### EXERCISE INSTRUCTIONS:
Reproduce the data below exactly as written. Pictures do not belong in the copy.

### PROVIDED MATERIAL:
────────────────────

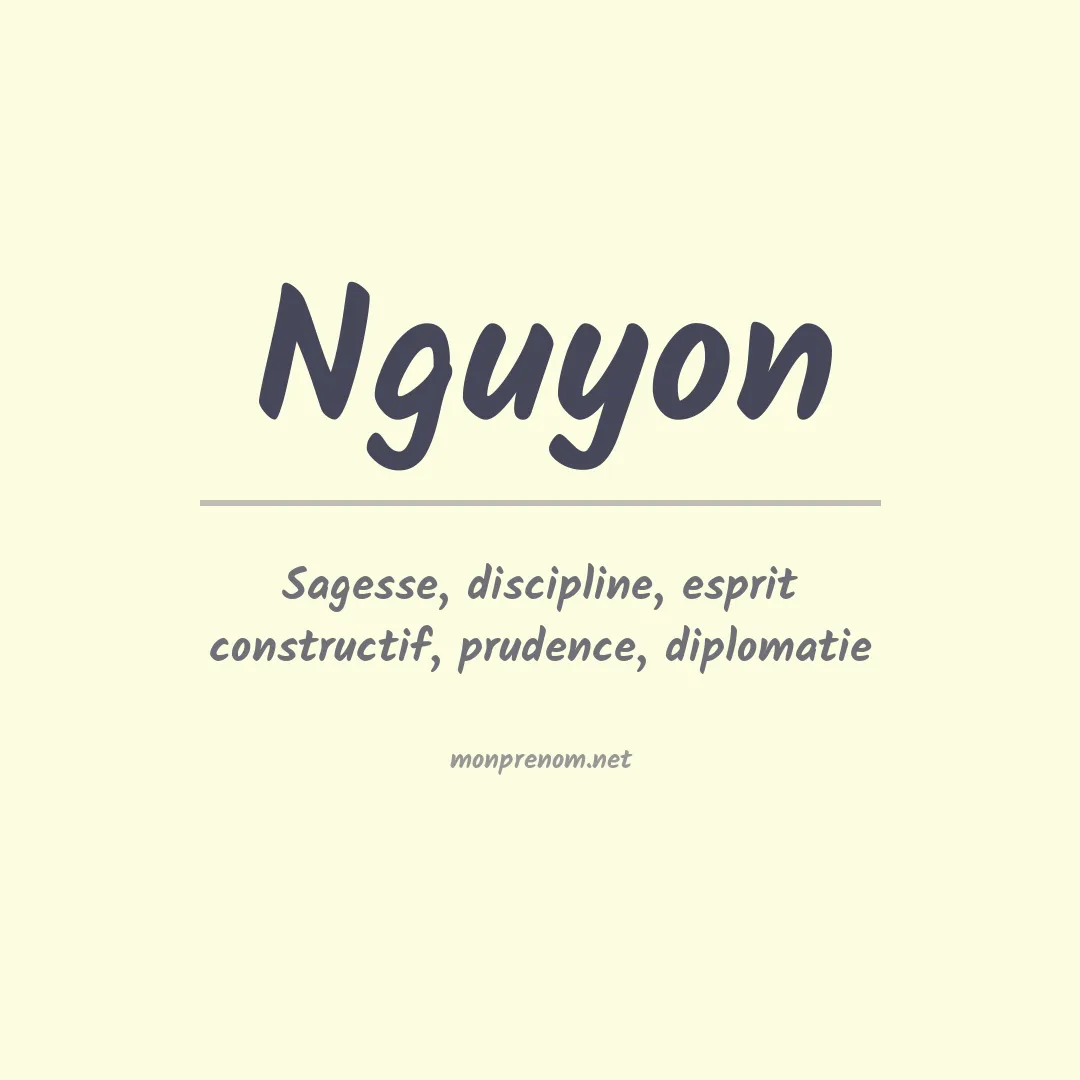 Signification du Prénom Nguyon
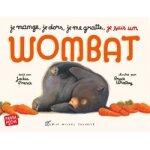 Je mange, je dors, je me gratte. . . je suis un wombat (panda poche) (jeunesse)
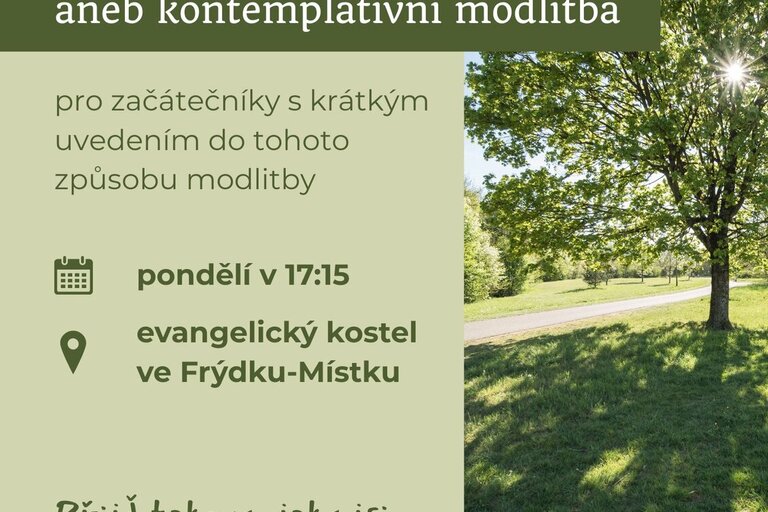 Pravidelná příležitost ke ztišení v kostele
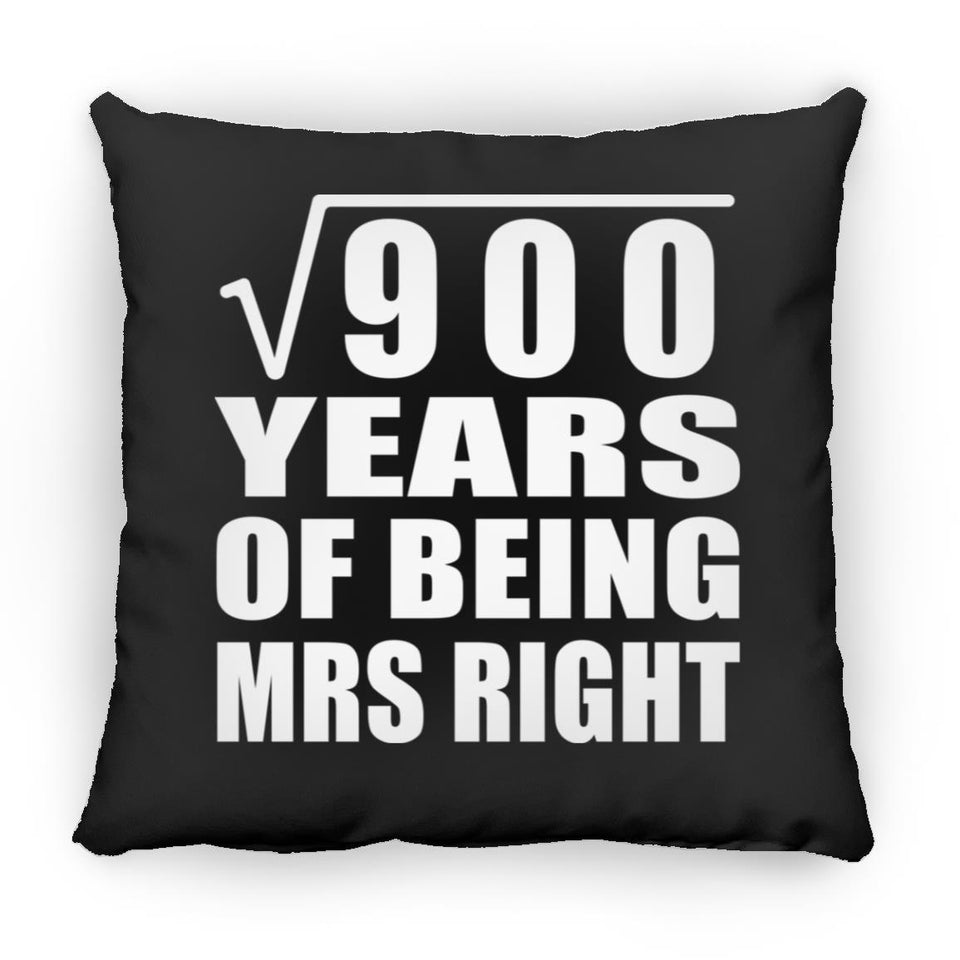 30th Anniversary Square Root of 900 Years of Being Mrs Right - Throw Pillow Black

────────────────────

### TASK ANSWER:
 Signification du Prénom Nguyon
 Je mange, je dors, je me gratte. . . je suis un wombat (panda poche) (jeunesse)
 Pravidelná příležitost ke ztišení v kostele
 30th Anniversary Square Root of 900 Years of Being Mrs Right - Throw Pillow Black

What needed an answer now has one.